Shute Barrington - Life

Life

He was born at Beckett Hall in Shrivenham in Berkshire (now Oxfordshire), the home of his father, John Shute Barrington, 1st Viscount Barrington and educated at Eton College and Merton College, Oxford.

In 1761 he was a made a canon of Christ Church, Oxford and in 1768 a canon of St Paul's from where he moved to be a canon at St George's Chapel, Windsor. In 1769 he was elevated to the episcopy as Bishop of Llandaff and in 1782 was translated to be Bishop of Salisbury and again in 1791 to be Bishop of Durham.

He was a vigorous Protestant, though willing to grant Roman Catholics "every degree of toleration short of political power and establishment." He published several volumes of sermons and tracts, and wrote the political life of his elder brother, William Wildman Shute Barrington.

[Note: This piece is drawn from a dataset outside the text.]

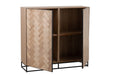 Cupboard Low 2 Doors Zigzag Wood/Metal Natural/Black-Dressoirs-J-Line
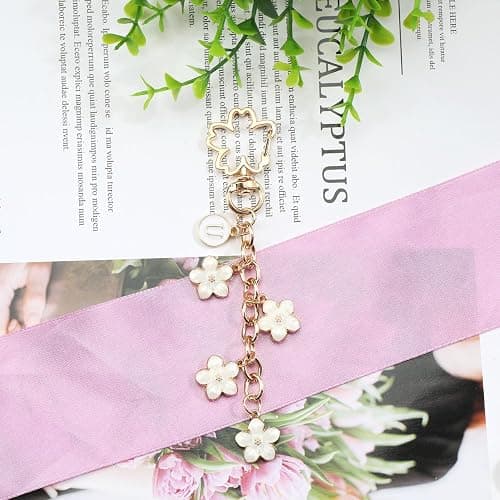 FRULX Cute Keychain Cartoon Cherry Blossom Keyring, Creative Bag Charm Accessory, Stylish Gift for Women, Friends, Mothers, And Sisters, Unique Birthday, Friendship thumbnail 4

From 1805 to 1826 he was the Visitor of Balliol College, Oxford and in 1806 backed the then Master, John Parsons, in opening the Fellowships to competition.

He married firstly, on 2 February 1761, Lady Diana Beauclerk (c. 1735-28 March 1766), daughter of Charles Beauclerk, 2nd Duke of St Albans. His wife died in childbirth, the child stillborn. He married secondly, on 20 June 1770, Jane Guise (d. 8 August 1807), daughter of Sir John Guise, but had no children. He died in Soho in Middlesex (now Greater London). He is buried at St John the Baptist's Church, near his home at Mongewell Park, close to Wallingford, Oxfordshire.

Barrington was a notable patron of education in the diocese of Durham and one Barrington School still exists today in Bishop Auckland. To mark his fiftieth year in the prelacy the diocese of Durham built the Clergy Jubilee School in Newcastle and arranged that Dame Allan's Schools should be housed there.

One notably uncharacteristic event in Barrington's life was his dispatch of troops on 1 January, 1812 to break up a miners' strike at collieries owned by the Dean & chapter of Durham Cathedral in nearby Chester-le-Street. At this time (and up until 1836), the "Prince" Bishops of Durham still held vice-regal powers in the North of England, which included the maintenance of a small private army, garrisoned in Durham Castle.